New data from NASA’s Kepler K2 mission seems to suggest that there is evidence to support the claim that a distant white dwarf star is destroying the large, rocky body it orbits.
The Kepler K2 mission first noticed this small planet, which is around the size of Ceres, due to dips in the brightness of stars. This then lead to the discovery of this white dwarf star, orbiting 520, 000 miles away, as it passed in front of the planet.
White dwarfs are the remnants of dead stars. After a regular star uses up all its nuclear fuel, it turns into a red giant, expanding outward to 100 times its original size. Any planets that might have been orbiting closely around the star are engulfed by the giant and spiral down into the star’s core. Eventually, a red giant will start to contract and shed its outer layers, growing much smaller and more dense.
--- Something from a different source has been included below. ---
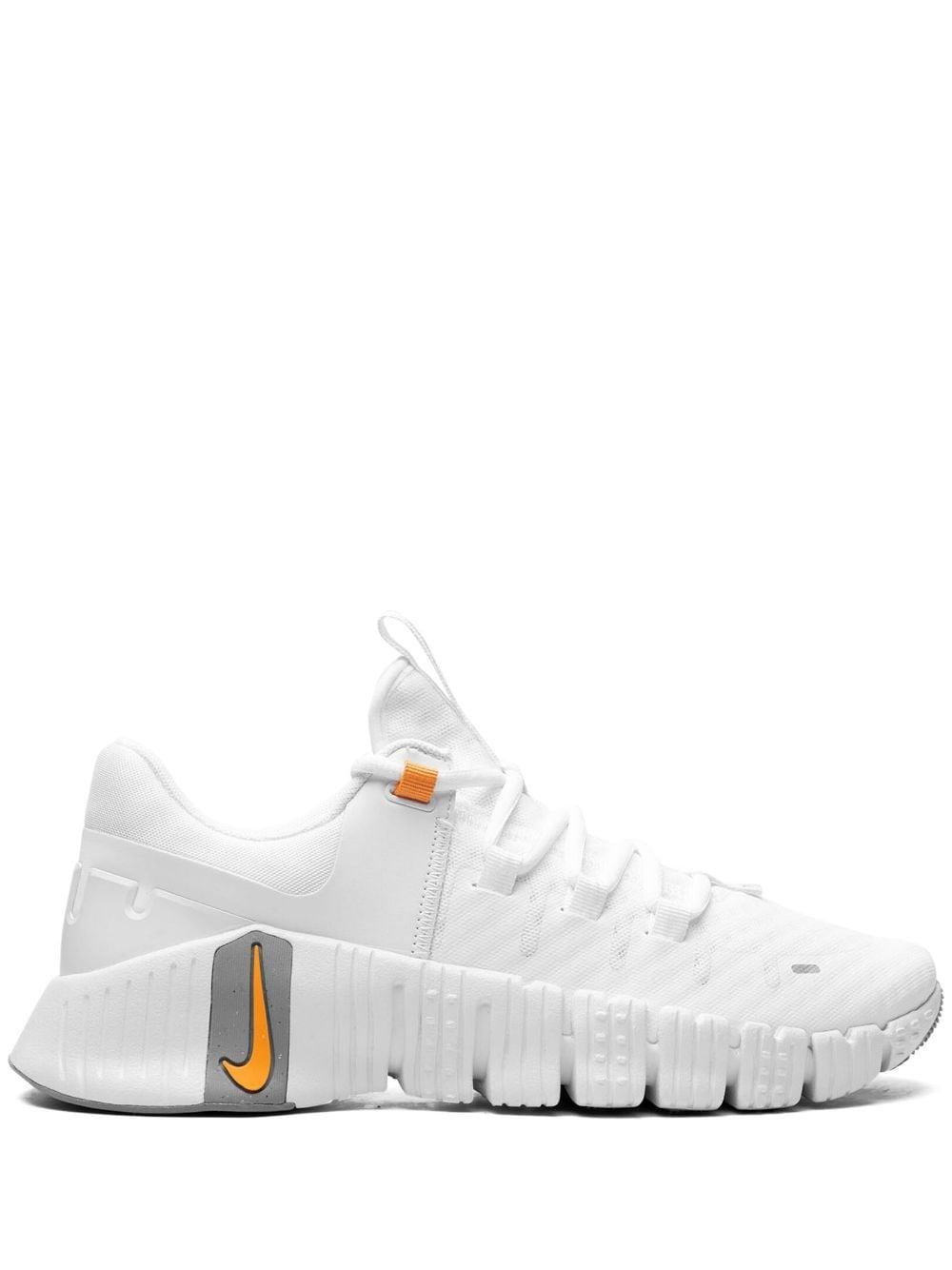 Free Metcon 5 Sneakers In White And Orange Product Image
The end result is a white dwarf — a compact leftover of the original star’s inner core.
Further observations were made by other ground based telescopes including Whipple Observatory, the MMT, MEarth-South and Keck and they believe they have complied enough information to suggest that indeed, the planet is being ripped apart.
Many have theorized in the past that the Earth will end in a similar way. When our Sun dies, it will become a Red Giant and then inevitably, a White Dwarf. Now scientists are suggesting if the Red Giant doesn’t manage to destroy us, then we are to suffer the same fate via the White Dwarf, tearing the planet to shreads leaving only a dust cloud in it’s wake. Now the theory may be confirmed.
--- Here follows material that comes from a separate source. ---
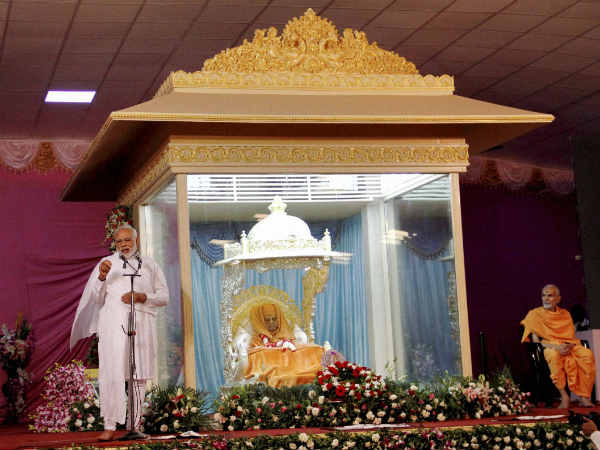 મોદીના દર્શનના કારણે હરિભક્તોના દર્શન બંધ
“This is something no human has seen before,” said Andrew Vanderburg of the Harvard-Smithsonian Center for Astrophysics (CfA), lead author of a paper on the phenomenon. “We’re watching a solar system get destroyed.”
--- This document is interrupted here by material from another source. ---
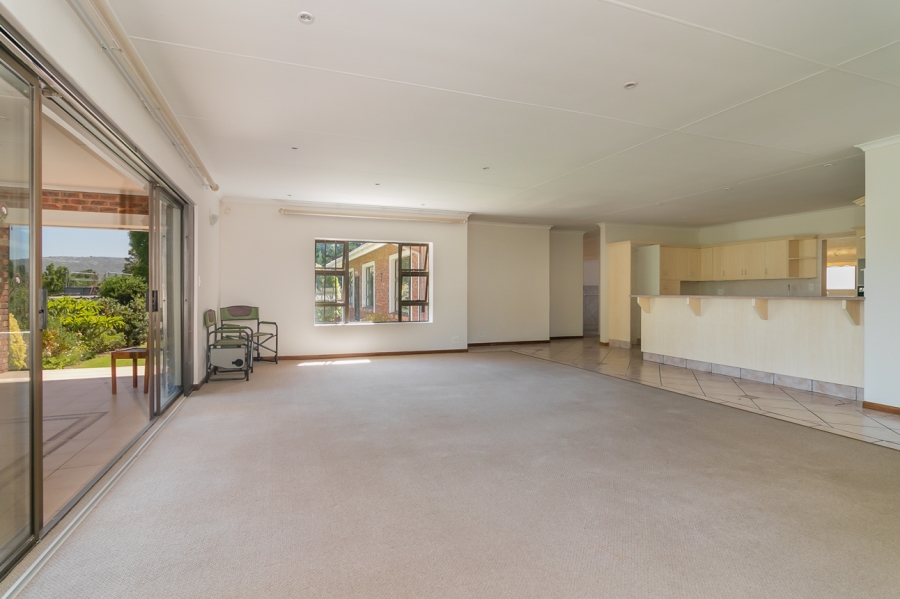 To Let 4 Bedroom Property for Rent in Hunters Home Western Cape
It is the first planetary object to be confirmed transiting a white dwarf, WD 1145+017. A dip in brightness every 4.5 hours, indicating the passing of a celestial body, shows the orbit of this planet, which is not in the typical U formation but rather asymmetric elongated slope pattern that would indicate the presence of a comet-like tail. It is in the constellation Virgo, 570 light years away from Earth.
Some astronomers suspected that planets would be effected by the loss of mass from a White Dwarf, causing them to collide with one another and ultimately be pulled apart by the dwarf’s gravity, but now it seems the theory is being confirmed right before our eyes.
If this is the case, then the shattered pieces of metallic elements in the dust pollution left behind would the fall back into the star, therefore replenishing it’s metals.
“Instead of being transited by a solid planet, the white dwarf was being transited by a planet that has a dusty, comet like tail trailing behind it,” Vanderburg said. That tail, rather than just an isolated object orbiting, would make the starlight change unevenly over time. There are likely several fragments making the journey and entering astronomers’ view, Vanderburg said. For the first time, researchers were seeing the 10-year-old theory about how white dwarf systems evolve directly confirmed in the night sky.
By finding white-dwarf transits in Kepler data, researchers will get the closest look yet at such exoplanets. We cannot understand exoplanets, unless we understand how they got formed, how they evolve dynamically and how they die.